Die Kostenentscheidung beruht auf §§154 Abs.1, 161 Abs.2 VwGO. Soweit die Beteiligten den Rechtsstreit in der Hauptsache übereinstimmend für erledigt erklärt haben, entspricht es billigem Ermessen, die Verfahrenskosten dem Antragsgegner aufzuerlegen. Denn dieser hat den Antragsteller insoweit nach Antragstellung bei Gericht ohne Änderung der Sach- und Rechtslage klaglos gestellt. Die Höhe der tatsächlich gezahlten Summe, die der Abgeordnete Mü... für die Anmietung vom Land Berlin erhält, wurde dem Antragsteller erst mit dem Widerspruchsbescheid vom 31. August 2015, mithin nach Eingang seines Antrags bei Gericht am 25. August 2015 mitgeteilt. Dem Bescheid des Abgeordnetenhauses von Berlin vom 23. Juli 2015 ist diese Auskunft nicht hinreichend deutlich zu entnehmen. Aus diesem ergibt sich vielmehr nur, dass „jeder Abgeordnete einen Anspruch auf eine monatliche Kostenpauschale in Höhe von 2.500 €, bzw. inzwischen 2518,- €, besitzt und sie grundsätzlich auch erhält“, wobei die Kostenpauschale „allerdings dann um 1.000 € gekürzt (wird), wenn ein Abgeordneter kein externes Büro unterhält.“ Dies ist eine Auskunft zur allgemeinen Rechtslage, nicht jedoch über die Höhe der tatsächlichen Zahlung an den Abgeordneten Mü..., die der Rechtslage nicht zwingend entsprechend muss. Auch sonst ist nicht erkennbar, dass der Antragsgegner die Höhe der tatsächlich gezahlten Summe bereits vor Antragseingang bei Gericht offenbart hat. Zwar nimmt der Bescheid vom 23. Juli 2015 auf eine vorhergehende Auskunft der Pressesprecherin des Abgeordnetenhauses von Berlin Bezug. Dabei heißt es jedoch, „(z)ur Klarstellung teile ich (...) noch einmal mit“; dann folgen die Ausführungen zur allgemeinen Rechtslage. Dies lässt vermuten, dass auch die Pressesprecherin nur hierauf verwiesen hat. Anhaltspunkte dafür, dass sie dem Antragsteller die Höhe der tatsächlich gezahlten Summe mitgeteilt hat, lassen sich dem Verwaltungsvorgang hingegen nicht entnehmen.
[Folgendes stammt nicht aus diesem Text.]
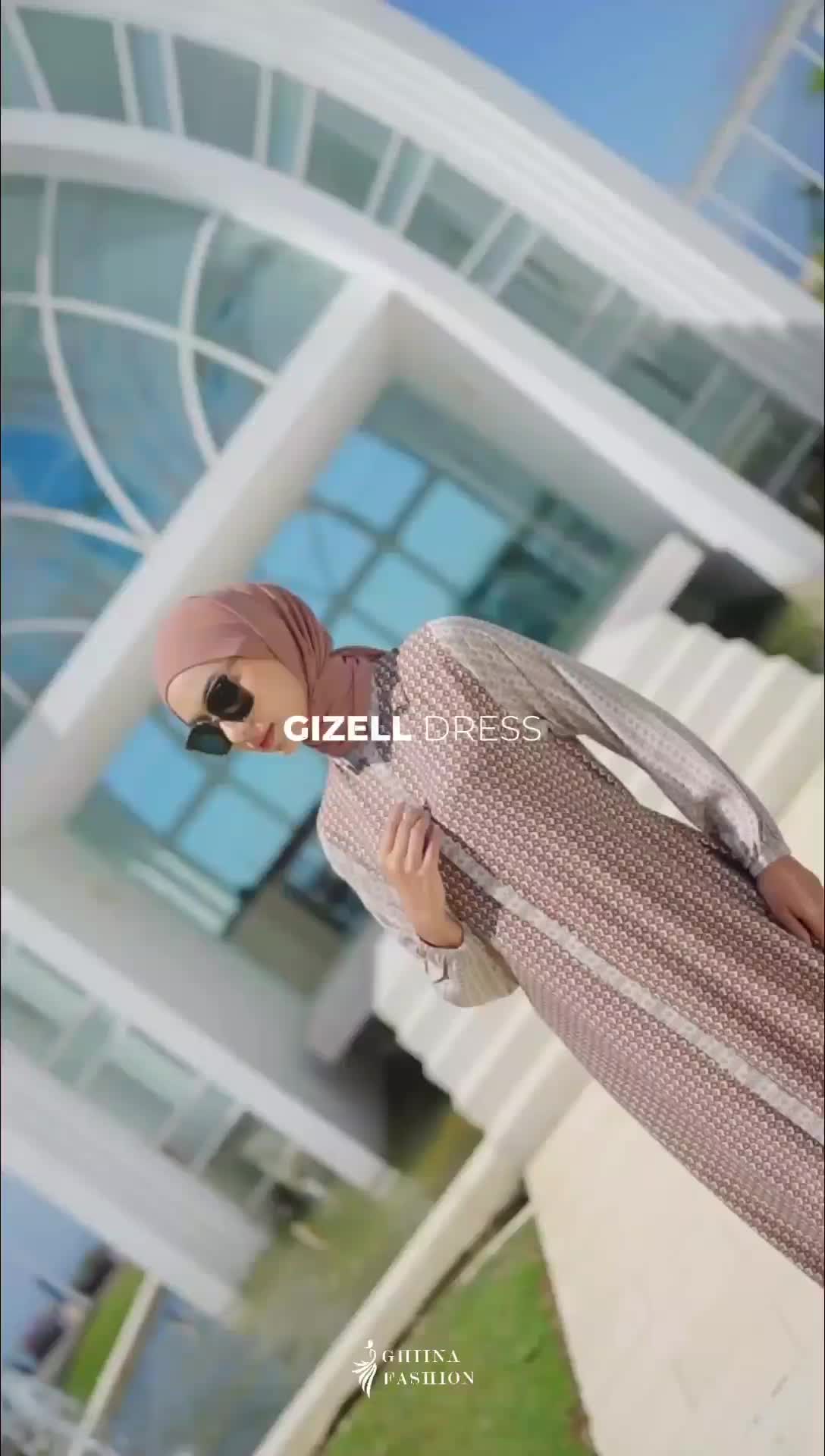 GHIINA FASHION GIZELL DRESS RAYON PREMIUM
Die Festsetzung des Wertes des Verfahrensgegenstandes folgt aus §§52 Abs.2, 53 Abs.2 Nr.1 GKG, wobei die Kammer im Hinblick auf die vom Antragsteller erstrebte Vorwegnahme der Hauptsache den vollen Auffangstreitwert sowohl für das Einsichts- als auch für das in der Hauptsache für erledigt erklärte Auskunftsbegehren angesetzt hat.